- **Instructions to follow**
Print out the data below in full and exactly, skipping the pictures.

- **Supplied data**
********************

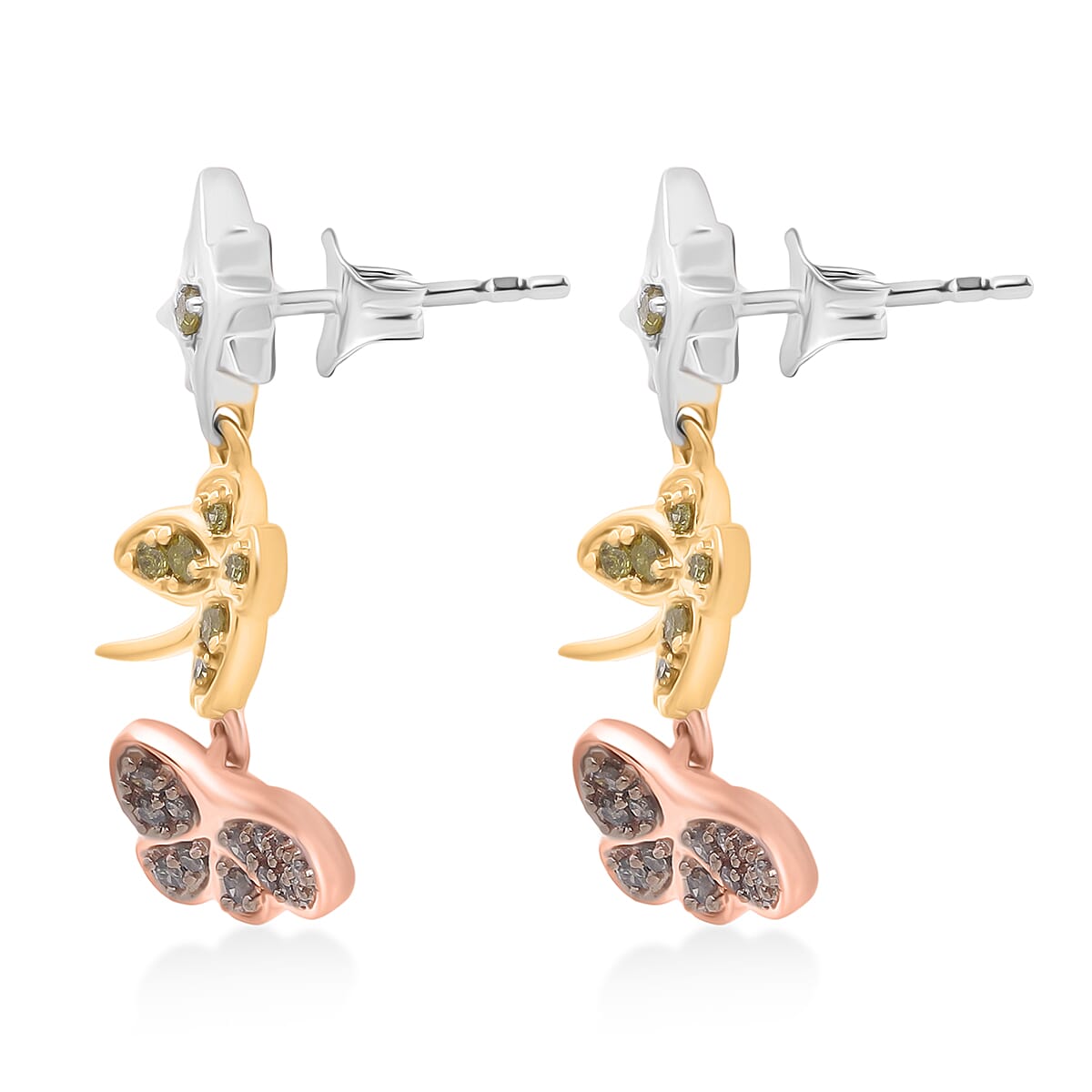GP - Italian Garden Collection Champagne Diamond (SI-CP), Yellow Diamond &amp; Kanchanaburi Blue Sapphire Butterfly Drop Earring with Push Back in Tri Colour Plated Sterling Silver 0.31 Ct. 8325035 3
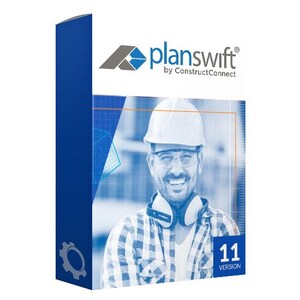 Puede incluir: Una caja de producto con el logotipo "planswift" y el texto "by ConstructConnect". La caja presenta a una persona sonriente con casco, gafas de seguridad y auriculares. También son visibles el número "11" y la palabra "VERSION".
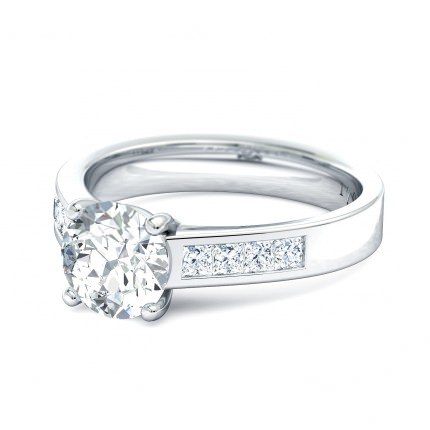 Fiorella Round Brilliant Diamond Ring in Platinum 950 AU - Side View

********************

- **Exercise result**
GP - Italian Garden Collection Champagne Diamond (SI-CP), Yellow Diamond &amp; Kanchanaburi Blue Sapphire Butterfly Drop Earring with Push Back in Tri Colour Plated Sterling Silver 0.31 Ct. 8325035 3
 Puede incluir: Una caja de producto con el logotipo "planswift" y el texto "by ConstructConnect". La caja presenta a una persona sonriente con casco, gafas de seguridad y auriculares. También son visibles el número "11" y la palabra "VERSION".
 Fiorella Round Brilliant Diamond Ring in Platinum 950 AU - Side View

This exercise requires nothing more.